31. Bio-oil according to claim 28, the tertiary amine being selected from the group consisting of trialkylamines, trialkanolamines and poly-trialkylamines.

32. Bio-oil according to any one or more of claims 23-31, wherein the biomass is selected from the group of industrial waste, garden waste and municipal waste, wherein said biomass preferably comprises wood, said wood preferably being a hardwood.

33. Carbonized material obtainable by the method according to any one of claims 13-21.

34. Bio-oil obtainable by the method according to any one of claims 13-21.

35. Pyroligneous acid obtainable by the method according to any one of claims 13-21.

36. Pyrolysis gas obtainable by the method according to any one of claims 13-21.

37. Fuel composition comprising a bio-oil according to any one or more of claims 22-32 or a bio-oil obtainable by a method according to any one or more of claims 13-21.

38. Use of a carbonized material, tar, bio-oil or pyroligneous acid according to any one or more of claims 33-36 or obtainable by a method according to any one or more of claims 13-21 as a component in a fuel composition or as feedstock for the preparation of adhesives, coatings, binders, sealants, bitumen and chemicals.

39. Use of a system according to any one or more of claims 1-12 for the production of at least a carbonized material and a bio-oil.

Description

BRIEF DESCRIPTION OF FIGURES

[0186] FIG. 1 diagrammatically shows an overview of a system for converting biomass into fluids by means of an airstream and separating the fluids according to an embodiment of the invention.

[0187] FIG. 2 diagrammatically shows an overview of a system for enhancing the conversion of biomass into fluids by means of an oxygen enriched airstream according to an embodiment of the invention.

[0188] As shown in FIG. 1, the system comprises a conversion unit 1 comprising a first heat transfer zone 1A, a second heat transfer zone 1B, a drying zone 10 and a discharge zone 1D. The conversion unit 1 is further provided with an inlet 5 for introducing biomass, an inlet 6 for introducing an airstream, an auger 8 for removing carbonized material, having an outlet 9 to a storage container (not shown) and an outlet 10 for releasing a fluid.
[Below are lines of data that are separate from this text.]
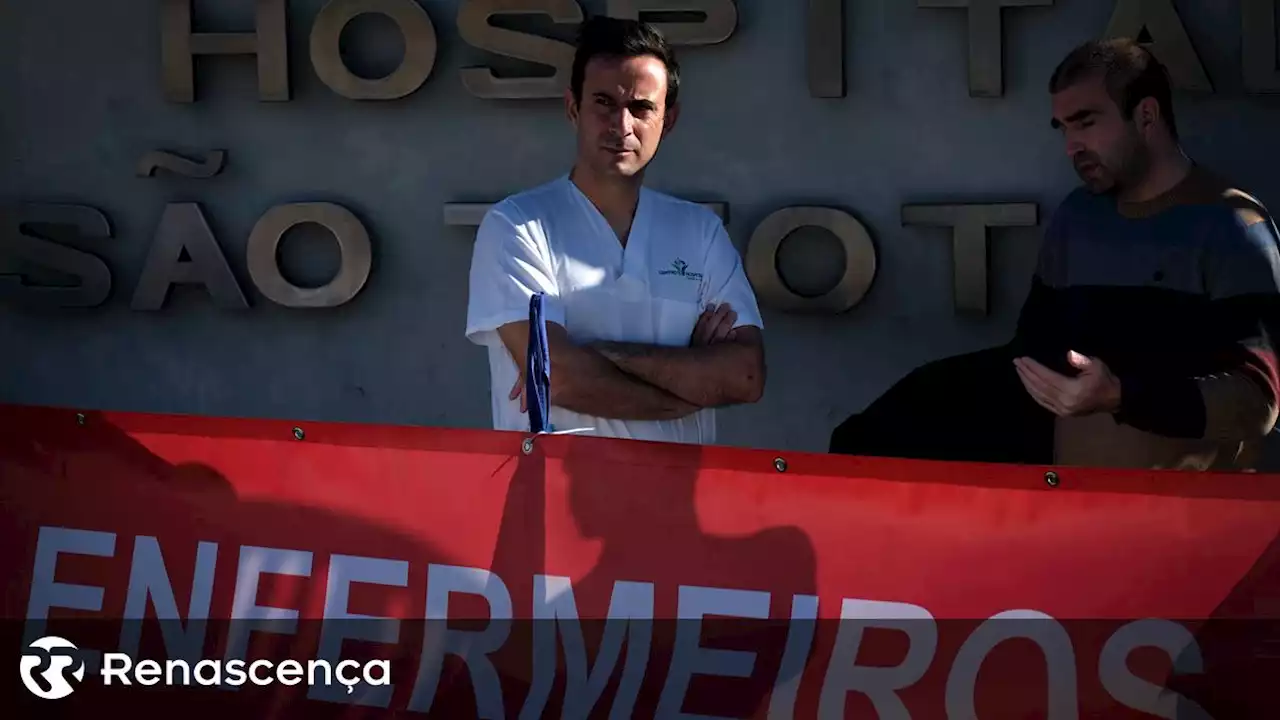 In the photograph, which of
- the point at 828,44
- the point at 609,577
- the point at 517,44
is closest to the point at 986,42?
the point at 828,44

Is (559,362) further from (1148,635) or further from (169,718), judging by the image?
(1148,635)

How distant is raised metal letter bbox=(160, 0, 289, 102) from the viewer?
5250 mm

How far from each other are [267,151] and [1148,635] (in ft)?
12.4

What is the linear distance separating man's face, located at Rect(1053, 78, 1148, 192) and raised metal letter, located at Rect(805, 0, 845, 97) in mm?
1309

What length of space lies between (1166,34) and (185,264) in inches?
127

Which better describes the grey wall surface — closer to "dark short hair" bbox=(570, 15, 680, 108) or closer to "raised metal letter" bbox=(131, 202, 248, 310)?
"raised metal letter" bbox=(131, 202, 248, 310)

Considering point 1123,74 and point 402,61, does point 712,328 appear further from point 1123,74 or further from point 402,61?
point 402,61

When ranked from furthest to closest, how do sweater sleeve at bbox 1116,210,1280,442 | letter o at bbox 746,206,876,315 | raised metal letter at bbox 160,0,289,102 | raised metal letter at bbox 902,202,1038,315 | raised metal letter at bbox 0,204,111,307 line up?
raised metal letter at bbox 0,204,111,307, raised metal letter at bbox 160,0,289,102, letter o at bbox 746,206,876,315, raised metal letter at bbox 902,202,1038,315, sweater sleeve at bbox 1116,210,1280,442

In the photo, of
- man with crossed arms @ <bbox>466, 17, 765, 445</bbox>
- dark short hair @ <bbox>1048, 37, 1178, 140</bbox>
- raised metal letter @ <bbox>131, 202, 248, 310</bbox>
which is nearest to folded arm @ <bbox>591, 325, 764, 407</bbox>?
man with crossed arms @ <bbox>466, 17, 765, 445</bbox>

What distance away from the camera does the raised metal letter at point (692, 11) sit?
495 cm

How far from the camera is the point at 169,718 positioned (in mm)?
2680

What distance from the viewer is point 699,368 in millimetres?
3082

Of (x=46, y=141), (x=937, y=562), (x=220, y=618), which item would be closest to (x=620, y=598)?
(x=937, y=562)

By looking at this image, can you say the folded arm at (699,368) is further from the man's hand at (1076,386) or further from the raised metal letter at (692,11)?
the raised metal letter at (692,11) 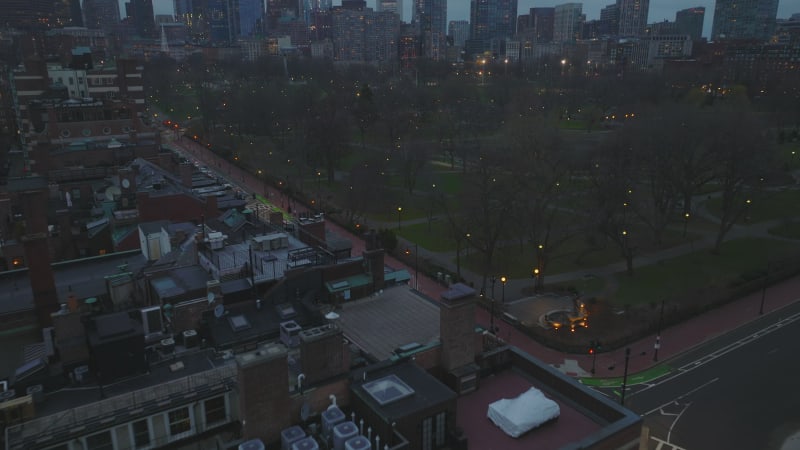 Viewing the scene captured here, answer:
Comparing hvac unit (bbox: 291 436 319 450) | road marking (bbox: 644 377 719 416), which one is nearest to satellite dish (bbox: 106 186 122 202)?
hvac unit (bbox: 291 436 319 450)

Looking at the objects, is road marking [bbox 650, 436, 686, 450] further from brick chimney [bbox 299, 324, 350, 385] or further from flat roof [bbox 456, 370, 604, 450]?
brick chimney [bbox 299, 324, 350, 385]

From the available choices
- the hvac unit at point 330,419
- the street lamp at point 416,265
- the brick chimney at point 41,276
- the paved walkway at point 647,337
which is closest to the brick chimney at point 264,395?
the hvac unit at point 330,419

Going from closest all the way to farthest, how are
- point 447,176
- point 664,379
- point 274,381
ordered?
point 274,381, point 664,379, point 447,176

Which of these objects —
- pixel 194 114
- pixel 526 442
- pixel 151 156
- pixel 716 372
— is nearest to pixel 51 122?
pixel 151 156

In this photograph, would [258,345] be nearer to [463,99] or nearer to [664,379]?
[664,379]

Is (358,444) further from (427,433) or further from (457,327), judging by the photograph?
(457,327)

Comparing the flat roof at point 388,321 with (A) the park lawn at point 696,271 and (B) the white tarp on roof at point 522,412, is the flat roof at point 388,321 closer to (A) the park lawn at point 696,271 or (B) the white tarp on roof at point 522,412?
(B) the white tarp on roof at point 522,412
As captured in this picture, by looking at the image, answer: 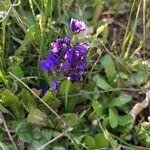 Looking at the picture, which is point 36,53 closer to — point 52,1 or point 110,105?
point 52,1

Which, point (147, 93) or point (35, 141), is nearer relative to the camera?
point (35, 141)

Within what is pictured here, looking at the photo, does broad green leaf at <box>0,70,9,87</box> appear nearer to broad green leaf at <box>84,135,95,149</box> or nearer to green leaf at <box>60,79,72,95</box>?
green leaf at <box>60,79,72,95</box>

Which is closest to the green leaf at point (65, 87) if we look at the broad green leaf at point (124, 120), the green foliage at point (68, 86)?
the green foliage at point (68, 86)

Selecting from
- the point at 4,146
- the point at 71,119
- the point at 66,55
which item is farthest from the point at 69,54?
the point at 4,146

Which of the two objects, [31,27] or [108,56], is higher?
[31,27]

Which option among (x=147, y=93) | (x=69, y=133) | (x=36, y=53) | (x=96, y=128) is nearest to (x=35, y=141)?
(x=69, y=133)

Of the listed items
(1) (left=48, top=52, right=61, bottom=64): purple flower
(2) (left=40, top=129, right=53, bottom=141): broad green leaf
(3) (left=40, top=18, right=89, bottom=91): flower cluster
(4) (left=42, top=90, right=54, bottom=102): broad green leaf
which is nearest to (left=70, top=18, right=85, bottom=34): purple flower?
(3) (left=40, top=18, right=89, bottom=91): flower cluster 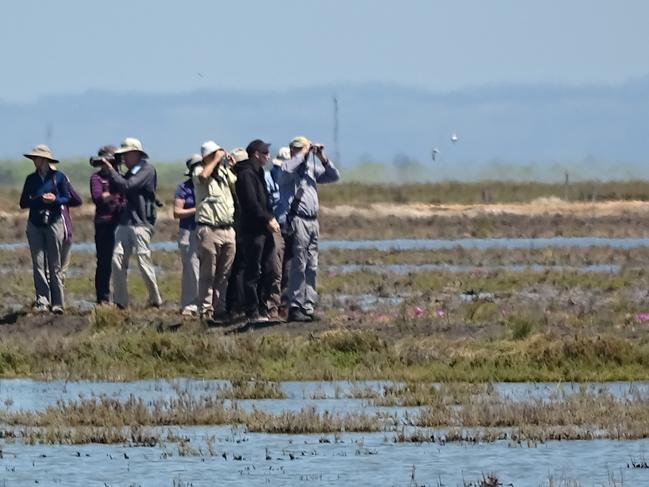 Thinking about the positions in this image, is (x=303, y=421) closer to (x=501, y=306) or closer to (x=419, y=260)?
(x=501, y=306)

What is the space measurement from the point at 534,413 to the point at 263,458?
2.35m

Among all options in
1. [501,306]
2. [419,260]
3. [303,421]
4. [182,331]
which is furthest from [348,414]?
[419,260]

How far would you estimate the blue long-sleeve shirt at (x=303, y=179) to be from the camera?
21000mm

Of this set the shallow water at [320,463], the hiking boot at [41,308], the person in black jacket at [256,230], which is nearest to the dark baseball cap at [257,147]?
the person in black jacket at [256,230]

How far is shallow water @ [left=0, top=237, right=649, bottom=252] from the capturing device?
45.3 m

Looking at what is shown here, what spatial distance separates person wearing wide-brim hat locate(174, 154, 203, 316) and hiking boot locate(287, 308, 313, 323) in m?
1.28

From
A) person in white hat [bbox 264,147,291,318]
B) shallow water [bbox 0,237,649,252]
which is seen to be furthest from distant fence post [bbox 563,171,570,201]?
person in white hat [bbox 264,147,291,318]

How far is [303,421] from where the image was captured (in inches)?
597

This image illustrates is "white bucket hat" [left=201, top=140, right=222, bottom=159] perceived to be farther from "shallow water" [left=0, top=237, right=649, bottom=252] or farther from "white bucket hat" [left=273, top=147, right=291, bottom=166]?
"shallow water" [left=0, top=237, right=649, bottom=252]

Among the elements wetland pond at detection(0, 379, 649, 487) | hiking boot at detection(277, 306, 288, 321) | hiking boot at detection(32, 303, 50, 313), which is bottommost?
hiking boot at detection(32, 303, 50, 313)

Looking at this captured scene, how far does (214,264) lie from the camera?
21609mm

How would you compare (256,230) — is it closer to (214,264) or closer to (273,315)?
(214,264)

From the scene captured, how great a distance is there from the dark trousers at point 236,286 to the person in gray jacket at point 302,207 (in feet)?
1.83

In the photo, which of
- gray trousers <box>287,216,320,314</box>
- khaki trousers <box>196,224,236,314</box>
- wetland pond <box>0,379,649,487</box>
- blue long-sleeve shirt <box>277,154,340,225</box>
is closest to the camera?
wetland pond <box>0,379,649,487</box> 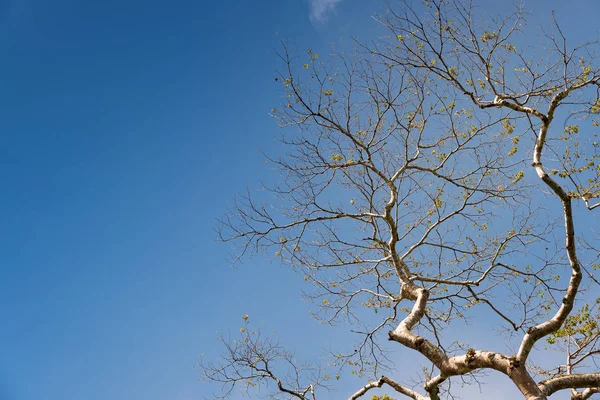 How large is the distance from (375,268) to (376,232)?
2.95ft

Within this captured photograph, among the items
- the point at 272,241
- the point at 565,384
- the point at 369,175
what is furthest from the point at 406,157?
the point at 565,384

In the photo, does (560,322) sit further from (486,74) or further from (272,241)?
(272,241)

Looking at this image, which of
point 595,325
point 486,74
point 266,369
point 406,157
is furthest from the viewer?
point 266,369

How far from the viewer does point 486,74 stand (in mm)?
7328

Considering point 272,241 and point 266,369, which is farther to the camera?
point 266,369

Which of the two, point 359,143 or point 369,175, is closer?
point 359,143

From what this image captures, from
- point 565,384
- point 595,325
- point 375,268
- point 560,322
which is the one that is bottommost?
point 565,384

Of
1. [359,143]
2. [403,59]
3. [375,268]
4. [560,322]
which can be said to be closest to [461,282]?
[375,268]

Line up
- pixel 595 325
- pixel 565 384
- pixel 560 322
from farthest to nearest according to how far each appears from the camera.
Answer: pixel 595 325 → pixel 560 322 → pixel 565 384

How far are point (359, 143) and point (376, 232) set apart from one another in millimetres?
1920

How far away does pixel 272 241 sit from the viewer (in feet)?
27.8

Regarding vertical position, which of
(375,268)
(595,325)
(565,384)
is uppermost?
(375,268)

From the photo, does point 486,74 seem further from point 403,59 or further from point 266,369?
point 266,369

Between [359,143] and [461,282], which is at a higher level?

The system further comprises a hopper 2, provided with an inlet 3 and an auger 4 which is connected to and in open or closed communication with inlet 5 of conversion unit 1.

[0189] The outlet 10 is connected to and in open communication with a first separation unit 11, which is provided with an inlet 12, a first outlet 13, and a second outlet 14, which is connected to and in fluid communication with a second separation unit 15.

[0190] The second separation unit 15 is further provided with means for exerting centrifugal forces on the introduced fluids (not shown), a first outlet 16 and a second outlet 17, which is connected to and in fluid communication with a condensing unit 18.

[0191] The condensing unit 18 is further provided with an inlet 19, means for introducing and releasing cooling media (not shown), a first outlet 20 and a second outlet 21, which is connected to and in fluid communication with a ventilator 22, having a ventilator outlet 23, which is connected to and in fluid communication with a third separation unit 24, which is provided with a first outlet 25, and a second outlet 26, which is connected to and in fluid communication with a gas burner or engine (not shown).

[0192] Also shown in FIG. 1 is an optional drying unit (41), comprising an inlet for receiving bio-oil (42), optionally an inlet for drying additives (43) and an outlet (44) for the dried bio-oil.

[0193] FIG. 2 shows an engine 30, which is connected to and in fluid communication with outlet 26 of separation unit 24. The engine is provided with outlet 31 and is connected to generator 33 through drive shaft 32, which is also in direct connection with compressor 35 through drive shaft 34. Compressor 35 has an inlet 36 and an outlet 37, which is connected to and in fluid communication with a membrane separation unit 38. The membrane separation unit 38 is provided with outlet 39 and outlet 40.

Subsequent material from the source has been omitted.